Le monde est-il forcément rempli d’hypocrisie et d’injustice ? Alceste tente d’être toujours honnête avec ceux qui l’entourent. Mais personne ne souhaite entendre la vérité alors il faut faire un choix : cohabiter avec le mensonge ou se retirer du monde.
« Le Misantrope » de Molière est une pièce qui inspire de nombreux metteur(e)s en scène. Clément Hervieu-Léger décide de placer l’histoire au cœur d’un grand hôtel particulier luxueux pour la Comédie Française. Morgan Perez, pour la première création au 13ème art propose deux espaces délimités par des panneaux avec des tissus transparents blancs. La compagnie Etincelle va proposer une création plus moderne, ancré dans notre société actuelle. Alceste et Célimène s’aimeront-ils alors différemment ?

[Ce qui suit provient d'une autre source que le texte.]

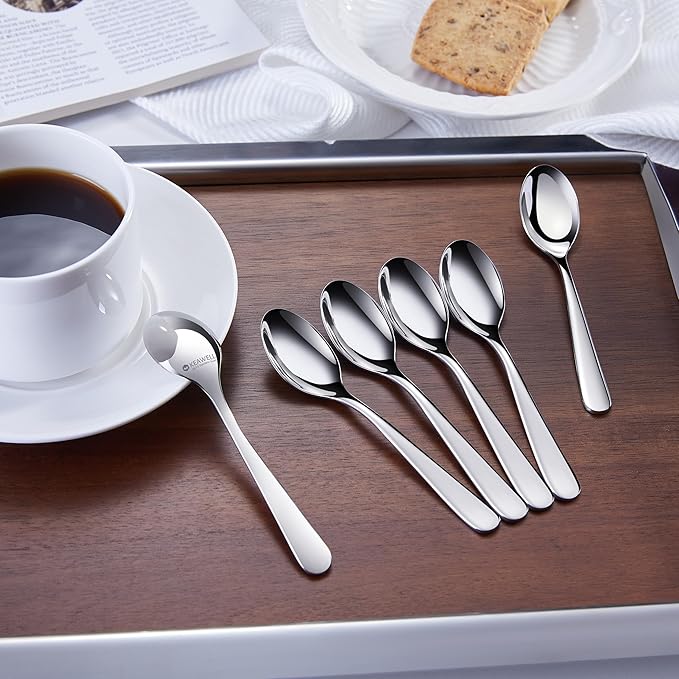 KEAWELL Premium Louise 6-Piece 4.4-Inch 18/10 Coffee Spoons (4.4 inches, 6)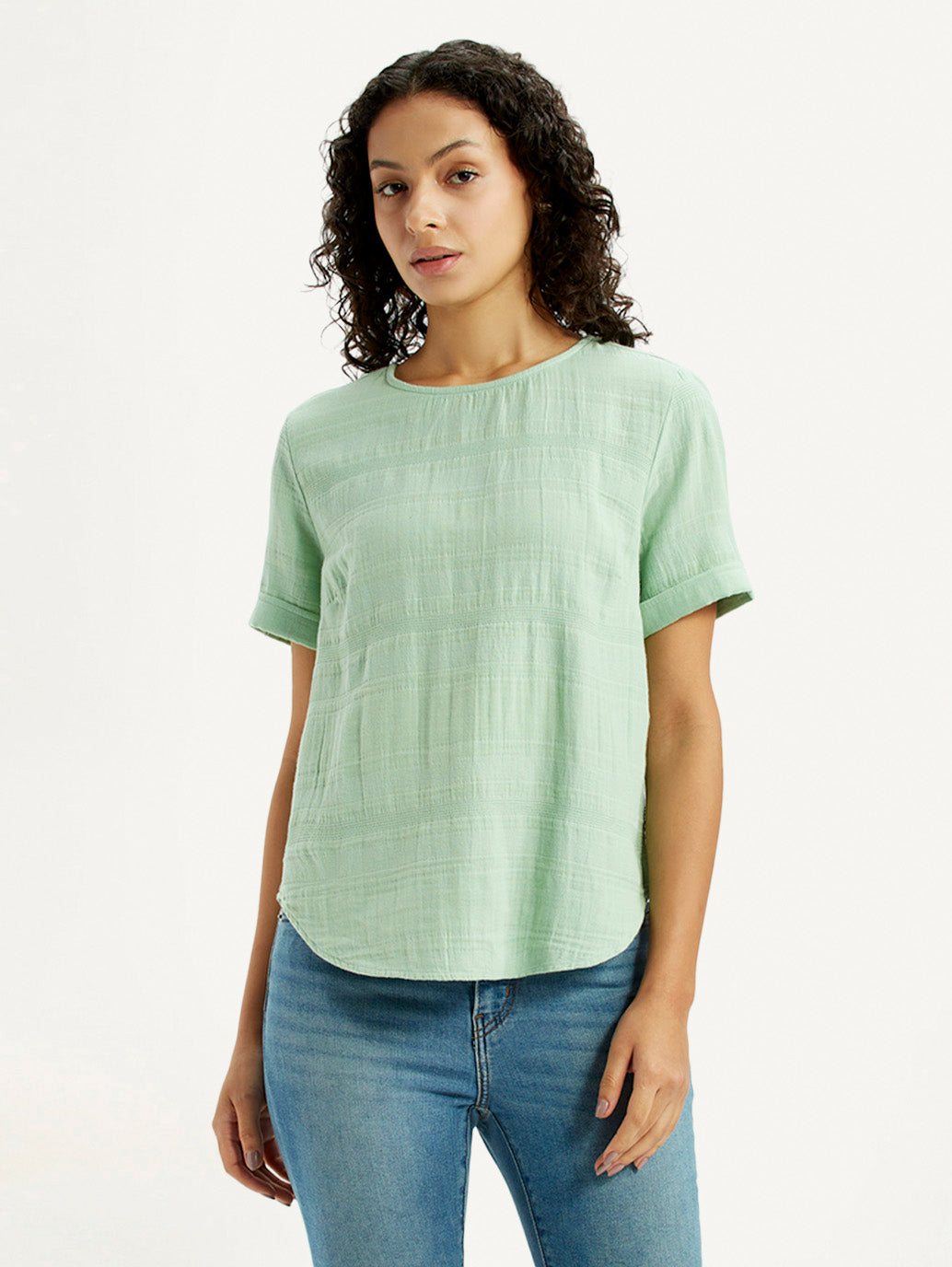 Women's Self Design Light Green Round Neck Top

Molière met dans son personnage d’Alceste qu’il interprétera, toute sa colère et son dépit suite à la trahison de son ami, Racine et des infidélités de sa très jeune épouse, Armande. C’est la déception du genre humain qui sera au cœur de la mise en scène de Caroline Rainette via Alceste et son procès. Il montre avec sensibilité et rage son combat contre le mensonge, la manipulation et l’hypocrisie générale. Pour lutter avec ferveur et honnêteté, il se présente au tribunal pour défendre son cas. Il a le droit de ne pas aimer un sonnet et le dire sincèrement. « J’ai pour moi la justice, et je perds mon procès ! » Ces sentiments vont être mis à rudes épreuves. Il ne pourra faire le choix entre amitié, amour et ses idéaux face à la pression sociale, à la justice et à la fidélité. Le visuel de l’affiche avec une balance, une épée, un cœur et deux mains, l’illustre à merveille ces dualités. Ainsi la radicalité du personnage est poussée vers des chemins les plus extrêmes. Il se sent prêt à renoncer à toute forme de mondanité.
La modernité de la mise en scène se voit à travers de nombreux aspects. Déjà, la simplicité des décors avec juste quelques chaises, des tables basses et une machine à café. Comme nous à notre époque, les costumes sont ceux que l’on pourrait voir chaque jour en rajoutant la robe d’avocat. L’unité de temps et de lieu ne sont pas respectées afin de donner plus de volume au récit. Ainsi on passe de la salle d’attente du tribunal, au tribunal en passant par la boîte de nuit. Le Misanthrope n’est pas un vieux brigand aux cheveux blancs. Il fait partie de ces jeunes qui ne veulent pas ressembler à leurs parents. Est-ce pour cela qu’il est attiré par une jeune femme coquette, populaire et narcissique ? On voit une Célimène, jeune, libre et indépendante, toujours portable à la main. Tout ce qu’elle est se trouve contraire à ces principes. Serait-elle prête à renoncer à tout pour l’amour, la sécurité, l’enfermement et la sincérité d’Alceste ? La réponse est sans appel : non.
Les comédiens : Bruno Aumand (Philinthe), Camille Cieutat (Eliante & Arsinoé), Lennie Coindeaux (Alceste), Jérémie Hamon (Oronte), Caroline Rainette (Célimène) donnent leur passion, leur fougue et leur énergie pour donner vie à cette critique de société. Encore une création brillante, réalisée avec brio par la compagnie Etincelle.